What do you think about a high performance linear constant current driver?

At high current your LED's will drop up to about 3.4 volts each, so two times 3.4volts = 6.8volts.

To calculate efficiency we devide this by the supply voltage 6.8volts / 9.6volts = 70.8% efficiency for the (fully charged pack).

In a linear regulator the efficiency actually goes up as the batteries discharge and their voltage decreases, so for a battery pack which has been discharged to 1volt/cell, we hit a much higher efficiency:

8volts/9.6volts = 83% efficiency

With the shape of the NiMH discharge curve, the overall average efficiency will probably be close to 74% which is just about as good as some switchers.

If you would like to try a linear driver, I have a fairly simple circuit with only about a dozen parts, which can drive any current level you want to well beyond 2 amps, but for CREE or Rebel, or SSC P4 LED's I would keep the drive down to about 700mA (and to even handle this current level you will need fairly good heatsinking). 

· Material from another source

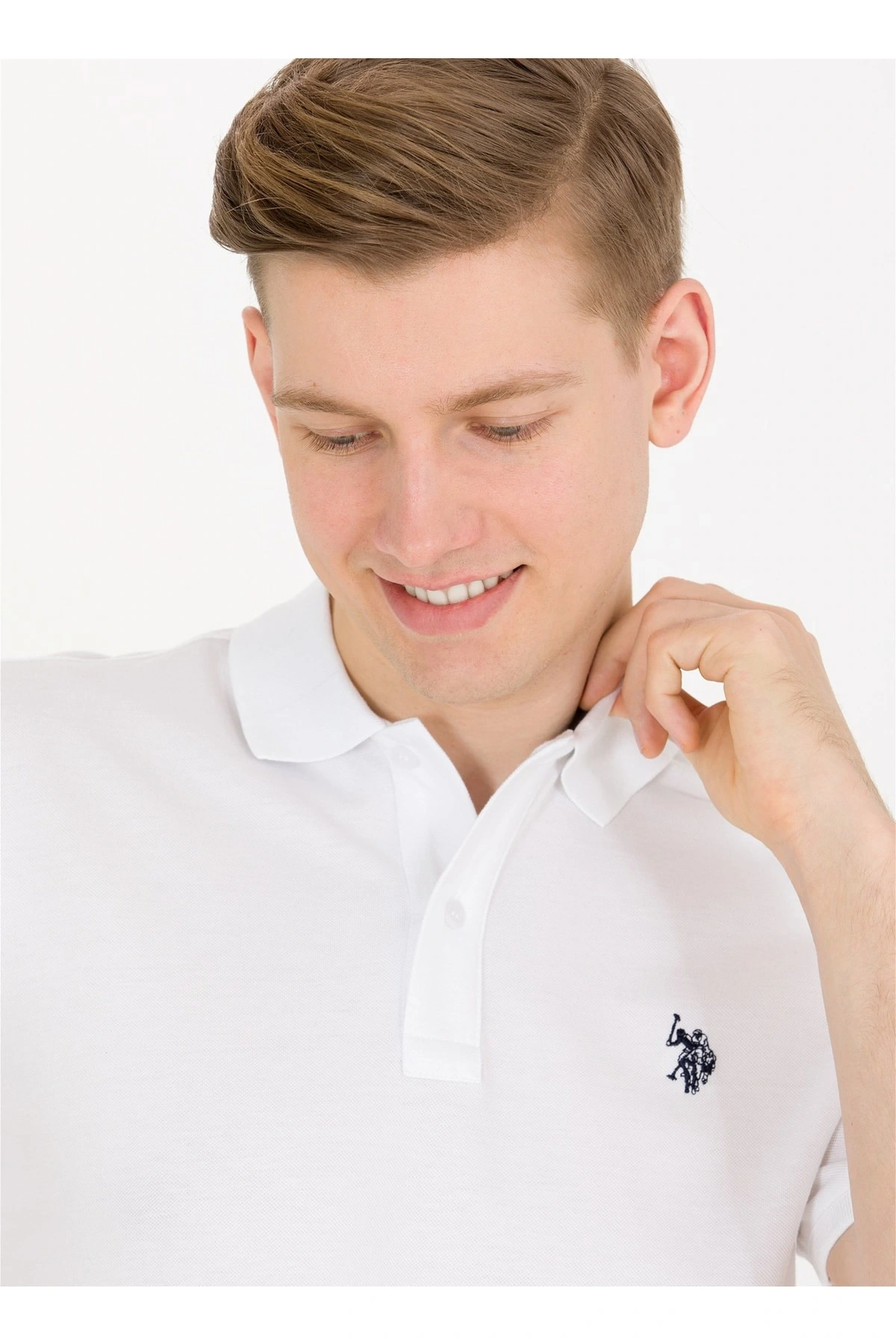 U.S.POLO Polo T-shirt, L, Beyaz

The circuit is designed to be extremely forgiving about substituting other low cost alternate parts, so you should be able to get all the components required for less than $5. 

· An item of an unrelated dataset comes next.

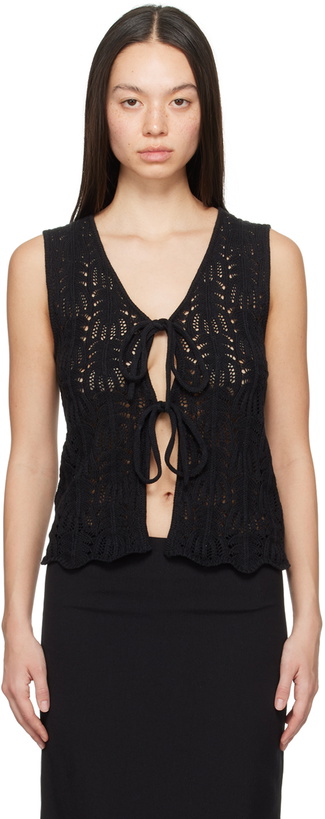Photo: The Garment Black V-Neck Vest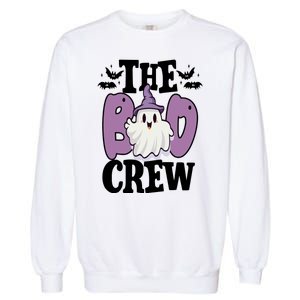 The Boo Crew Cute Halloween Ghost Garment-Dyed Sweatshirt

It would require some soldering skills to build the circuit on a small piece of electronic breadboard, but if you know someone handy in such matters, it isn't a particularly complicated circuit.

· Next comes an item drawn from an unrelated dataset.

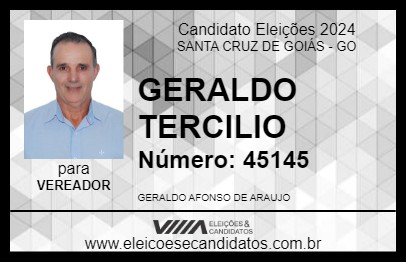 Candidato GERALDO TERCILIO 2024 - SANTA CRUZ DE GOIÁS - Eleições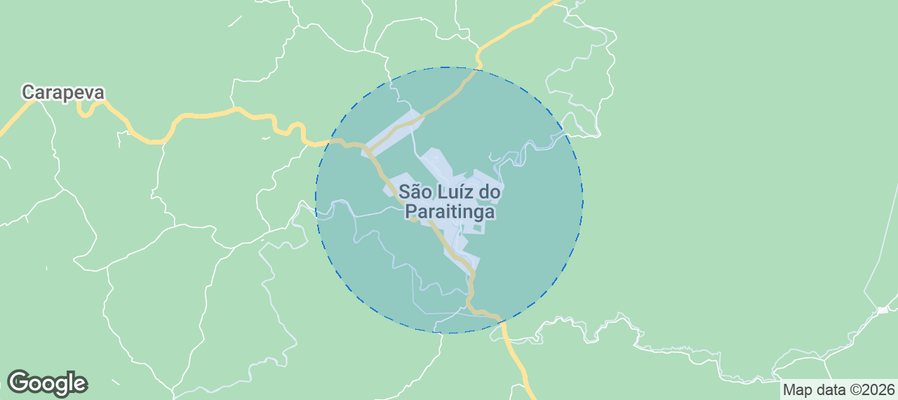 São Luís do Paraitinga Airbnb map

Everything should fit on a tiny 1x1.5 inch PCB (and SHOULD BE, in order to keep the connections reasonably short). A small heatsink should be used on the MosFet Q1. If the same heatsink is used for Q1 as for the LED emitters, then the TO-220 metal tab on MosFet should be electrically isolated with thermal washer (anyone who has worked with this type of device will understand how to properly isolate the device from the heatsink).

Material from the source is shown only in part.